> **Task instructions**:
An exact copy of the lines from the one containing "Collins vs Carey h2h player stats" through the last line below is required; include both of those lines and no others.

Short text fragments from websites
++++++++
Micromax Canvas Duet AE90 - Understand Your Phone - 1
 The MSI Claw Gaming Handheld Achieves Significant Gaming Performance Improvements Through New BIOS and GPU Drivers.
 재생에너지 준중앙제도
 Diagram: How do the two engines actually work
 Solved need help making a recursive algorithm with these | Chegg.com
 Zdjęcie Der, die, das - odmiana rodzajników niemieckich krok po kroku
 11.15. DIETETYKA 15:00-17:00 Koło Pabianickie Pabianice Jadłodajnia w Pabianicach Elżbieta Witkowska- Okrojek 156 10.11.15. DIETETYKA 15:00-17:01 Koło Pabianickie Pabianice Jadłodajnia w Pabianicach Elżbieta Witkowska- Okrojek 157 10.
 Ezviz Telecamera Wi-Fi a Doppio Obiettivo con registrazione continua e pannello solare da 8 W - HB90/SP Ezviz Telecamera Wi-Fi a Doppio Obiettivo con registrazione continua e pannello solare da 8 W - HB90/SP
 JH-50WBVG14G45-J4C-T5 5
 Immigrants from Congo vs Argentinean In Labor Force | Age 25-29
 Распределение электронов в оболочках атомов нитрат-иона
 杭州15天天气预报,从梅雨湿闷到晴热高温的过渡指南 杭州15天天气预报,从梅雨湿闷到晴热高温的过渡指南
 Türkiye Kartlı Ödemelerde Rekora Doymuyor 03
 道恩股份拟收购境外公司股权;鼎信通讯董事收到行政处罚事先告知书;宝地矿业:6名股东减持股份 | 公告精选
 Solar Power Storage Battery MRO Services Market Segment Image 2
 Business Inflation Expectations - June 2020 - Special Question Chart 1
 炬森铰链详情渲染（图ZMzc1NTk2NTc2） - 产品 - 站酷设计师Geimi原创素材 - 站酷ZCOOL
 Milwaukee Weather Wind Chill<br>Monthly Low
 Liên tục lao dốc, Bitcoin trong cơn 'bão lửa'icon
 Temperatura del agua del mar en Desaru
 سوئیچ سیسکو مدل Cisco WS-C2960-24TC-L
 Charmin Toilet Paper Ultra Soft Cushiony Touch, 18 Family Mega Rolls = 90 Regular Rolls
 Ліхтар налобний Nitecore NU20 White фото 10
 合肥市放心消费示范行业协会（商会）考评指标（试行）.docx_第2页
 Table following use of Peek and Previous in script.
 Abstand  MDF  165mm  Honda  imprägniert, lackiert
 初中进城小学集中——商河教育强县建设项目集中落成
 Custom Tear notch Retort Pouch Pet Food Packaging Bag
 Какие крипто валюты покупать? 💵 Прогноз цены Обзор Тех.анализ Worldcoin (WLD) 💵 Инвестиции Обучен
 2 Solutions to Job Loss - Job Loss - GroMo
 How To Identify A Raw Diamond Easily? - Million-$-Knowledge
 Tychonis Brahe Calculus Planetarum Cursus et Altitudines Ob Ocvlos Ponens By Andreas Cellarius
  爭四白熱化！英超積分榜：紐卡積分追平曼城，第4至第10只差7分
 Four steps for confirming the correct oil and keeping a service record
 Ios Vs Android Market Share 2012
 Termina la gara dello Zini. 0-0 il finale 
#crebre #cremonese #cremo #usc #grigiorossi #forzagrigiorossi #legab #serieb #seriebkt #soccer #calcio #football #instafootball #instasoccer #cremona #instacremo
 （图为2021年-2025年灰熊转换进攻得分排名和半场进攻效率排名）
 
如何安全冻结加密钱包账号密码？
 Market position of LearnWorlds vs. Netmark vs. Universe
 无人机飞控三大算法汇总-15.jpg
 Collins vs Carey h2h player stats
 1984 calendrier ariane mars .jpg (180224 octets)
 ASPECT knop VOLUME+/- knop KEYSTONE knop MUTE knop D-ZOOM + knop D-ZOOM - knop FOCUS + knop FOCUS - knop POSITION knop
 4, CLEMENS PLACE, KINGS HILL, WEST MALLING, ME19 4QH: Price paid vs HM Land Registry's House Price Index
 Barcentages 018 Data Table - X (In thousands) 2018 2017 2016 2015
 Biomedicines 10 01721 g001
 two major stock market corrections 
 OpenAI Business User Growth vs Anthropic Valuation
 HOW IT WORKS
++++++++
> **Problem solution**:
 Collins vs Carey h2h player stats
 1984 calendrier ariane mars .jpg (180224 octets)
 ASPECT knop VOLUME+/- knop KEYSTONE knop MUTE knop D-ZOOM + knop D-ZOOM - knop FOCUS + knop FOCUS - knop POSITION knop
 4, CLEMENS PLACE, KINGS HILL, WEST MALLING, ME19 4QH: Price paid vs HM Land Registry's House Price Index
 Barcentages 018 Data Table - X (In thousands) 2018 2017 2016 2015
 Biomedicines 10 01721 g001
 two major stock market corrections 
 OpenAI Business User Growth vs Anthropic Valuation
 HOW IT WORKS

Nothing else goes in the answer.